Assise à côté de Jay, désormais assez grande pour qu'ainsi ses pieds touchent le sol, ça ne l'empêche pas de garder ses habitudes d'enfant et d'automatiquement les plier pour se retrouver sur la pointe, même si cela soulève un peu ses cuisses. Assez pour que ses jambes en tout cas effleure le genou à ses côtés, presque comme si elle lui proposait de valser sur la musique qui avait envahi l'endroit. Mais les dernières notes se jouent bientôt et Joyce finit par couper le portable avant de retourner la même question. C'est drôle, elle trouve que son choix lui correspond assez. Et il correspond surtout à cet état de réveil, Cheer up ! Sleepy Johnny !, rêveur, rêveur, il est temps de s'extraire de cet autre monde.

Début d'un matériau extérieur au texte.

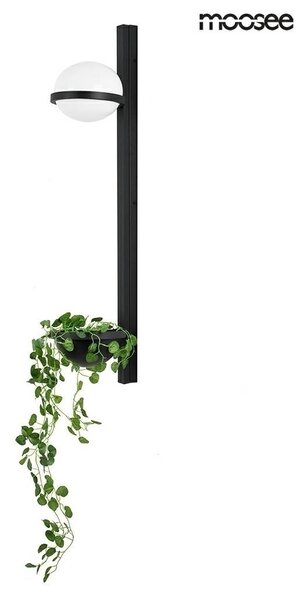 Moosee Plant Wall Fekete Fali Lámpa Növénytartóval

Joye aurait été d'accord de troquer sa musique pour une autre, ne se laisse pas forcément aller à trop de rituel et n'aurait pas l'impression de se jeter le mauvais œil en se réveillant sur la mauvaise musique. Mais Jay valide le réveil déjà mis et elle se débarrasse de l'appareil pour revenir à un tout autre sujet. Après tout, s'ils en sont à dormir ensemble, c'est parce qu'il a gagné un pari ce matin, mais elle aussi en a gagné un, et elle a eu toute la journée pour penser à ce qu'elle pourrait faire, même si, il est vrai, son attention a été distraite par le soleil, l'océan, les moments qu'ils ont passé. Et maintenant, alors qu'elle lui revient d'elle-même sur ce terrain, elle se trouve presque dépourvue. Peut-être bien qu'elle ne perd pas le nord, mais la boussole est tout de même un peu rouillée.

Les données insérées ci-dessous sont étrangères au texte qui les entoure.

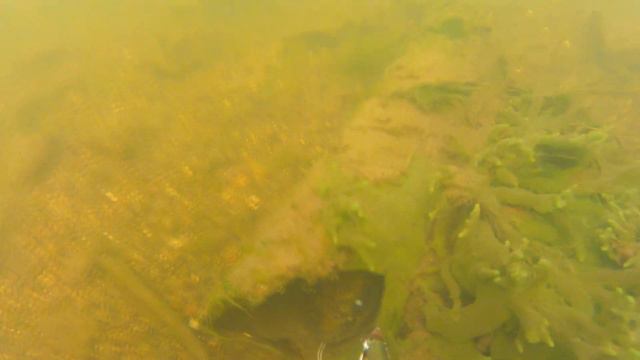 Налим 1,1 кг. Август 2015 смотреть онлайн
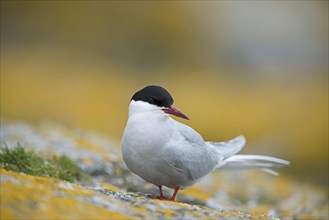 Arctic Tern (Sterna paradisaea)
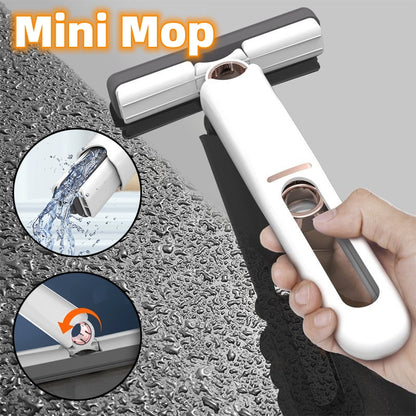 Mini Mops  Cleaning - Multiverse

– Il est par là-bas, annonce-t-elle en désignant un coin de sa chambre.
Cartographie du bateau dans sa tête, et surtout elle a pu apercevoir les points cardinaux juste avant de s'arrêter, puis de descendre dans la cabine. Si l'embarcation bouge un peu, pas au point de tout bouleverser, et elle est assez certaine de sa direction. Elle l'est en revanche moins de son gage.
Un sourire échancre ses lèvres lorsqu'il lui fait promettre de ne pas être trop dure ; elle ne prévoit aucune méchanceté ou cruauté, ce n'est pas dans ses habitudes. Joyce n'a jamais compris les envies de bizutages, les mauvaises blagues aux Action ou Vérité. Rien que d'imaginer faire une blague téléphonique la gêne, alors se lancer dans l'imaginaire des étudiants, à devoir courir nu autour du campus ou subir diverses humiliations… ça ne lui plaisait pas vraiment.
– Promis.
Le silence teinte l'air et sa réflexion, sans qu'elle ne trouve pour autant matière à son imagination. Le stress, peut-être, et surtout une idée qui s'insinue dans ses pensées et qu'elle se force à repousser. Plusieurs fois les yeux de Joyce se perdent sur les lèvres charnues de Jay. Est-ce les bières bues un peu plus tôt ou les confidences tout au long de leur expédition ? Elle l'ignore, mais quelque chose chauffe en elle, l'envie de l'embrasser, l'envie d'aller de l'avant et d'oublier son ex. C'est étrange, parce que depuis la rupture elle est sortie plusieurs fois en soirée, en boîte, dans des bars, avec à l'esprit de s'abandonner à un autre corps, juste pour pouvoir tourner la page. Et, à chaque fois, alors qu'on lui offrait un verre, une danse, une caresse sur la hanche, elle a pris peur et tourné les talons. Mais cette fois c'est différent ; l'idée n'ai pas de prendre le premier ou la première venu-e, mais bien d'embrasser ces lèvres qui soudain l'attirent comme un aimant.
Le mot unique qui les frôle détourne pourtant son attention et elle se reconcentre sur les prunelles qui l'observe. Pas ainsi. Le consentement est important et quelle beauté y aurait-il à obtenir un baiser par un gage ? Elle préfère qu'ils en aient tous les deux envie.
Ses yeux se détachent à nouveau de celui qui l'observe et parcourent la chambre. Enfin, il s'accroche à un détail et elle sursaute soudain.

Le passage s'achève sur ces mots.